高丸 (人物)
高丸(たかまる)は、鎌倉時代に記された清水寺の創建伝承に登場する陸奥国の伝説上の人物。南北朝時代には諏訪大社の縁起に取り込まれ、安倍氏悪事の高丸、安倍高丸などの名前で記された。また室町時代には御伽草子などの文学作品にも引用され、悪事の高丸、近江の高丸、明石の高丸など鬼として語られた。
歴史
平安時代
『群書類従』所収の藤原明衡撰「清水寺縁起」では大納言・坂上田村麻呂による清水寺の創建伝承が記されているものの、平安時代の時点では清水の観音(清水寺)信仰と田村麻呂による蝦夷征討に関した事蹟は結び付けられていなかった。これは『今昔物語集』『扶桑略記』『源平盛衰記』の中で記されている「清水寺縁起」についても同様である[1]。
「清水寺縁起」に田村麻呂による蝦夷征討の事蹟が反映されたことで、田村語りが創出されていくとともに「高丸伝説」が付会されたのは、鎌倉時代に武家の時代が到来して軍記物語が登場して以降となる。
鎌倉時代
田村麻呂は京都を中心とした中世文学のなかで藤原利仁・藤原保昌・源頼光とともに中世の伝説的な武人4人組のうちの1人とされていた[2]。そうした背景から軍記物語『保元物語』では上古の英雄として田村麻呂の名前が挙げられている。

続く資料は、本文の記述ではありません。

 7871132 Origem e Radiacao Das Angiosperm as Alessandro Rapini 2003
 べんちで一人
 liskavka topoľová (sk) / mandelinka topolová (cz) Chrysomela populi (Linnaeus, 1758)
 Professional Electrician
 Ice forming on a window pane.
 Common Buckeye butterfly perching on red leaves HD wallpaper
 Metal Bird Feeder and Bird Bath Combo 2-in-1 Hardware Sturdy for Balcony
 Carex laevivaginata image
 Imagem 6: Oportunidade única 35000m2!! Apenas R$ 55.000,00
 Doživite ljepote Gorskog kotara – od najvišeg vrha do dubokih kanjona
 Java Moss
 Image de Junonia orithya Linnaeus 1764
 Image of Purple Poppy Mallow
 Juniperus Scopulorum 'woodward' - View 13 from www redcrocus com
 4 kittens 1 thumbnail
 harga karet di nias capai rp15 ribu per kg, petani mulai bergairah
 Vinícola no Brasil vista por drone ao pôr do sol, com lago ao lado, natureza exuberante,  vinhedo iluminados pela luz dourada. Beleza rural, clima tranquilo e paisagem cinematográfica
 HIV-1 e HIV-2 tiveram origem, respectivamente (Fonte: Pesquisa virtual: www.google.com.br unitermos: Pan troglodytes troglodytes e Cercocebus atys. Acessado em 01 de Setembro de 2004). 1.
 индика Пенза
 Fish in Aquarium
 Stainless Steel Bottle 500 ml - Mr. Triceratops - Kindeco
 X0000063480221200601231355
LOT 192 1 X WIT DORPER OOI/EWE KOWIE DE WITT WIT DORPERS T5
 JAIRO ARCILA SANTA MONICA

古その名聞し田村・利仁が鬼神をせめ、頼光・保昌の魔軍をやぶりしも、或いは勅命をかたどり、或は神力をさきとして、武威の誉を残せり — 『保元物語』より大意
『保元物語』では史実における蝦夷征討からかけ離れ、田村麻呂とは別の時代の人物であるはずの利仁とともに鬼神を退治したと伝説化されたことで、後に田村麻呂の説話に高丸が登場する兆しが確認できる[3][4]。
軍記物語において英雄的武人としての田村麻呂像が出来上がると、元亨2年(1322年)に臨済宗の僧・虎関師錬がまとめた日本の仏教通史『元亨釈書』では次のように記された[原 1][5][6]。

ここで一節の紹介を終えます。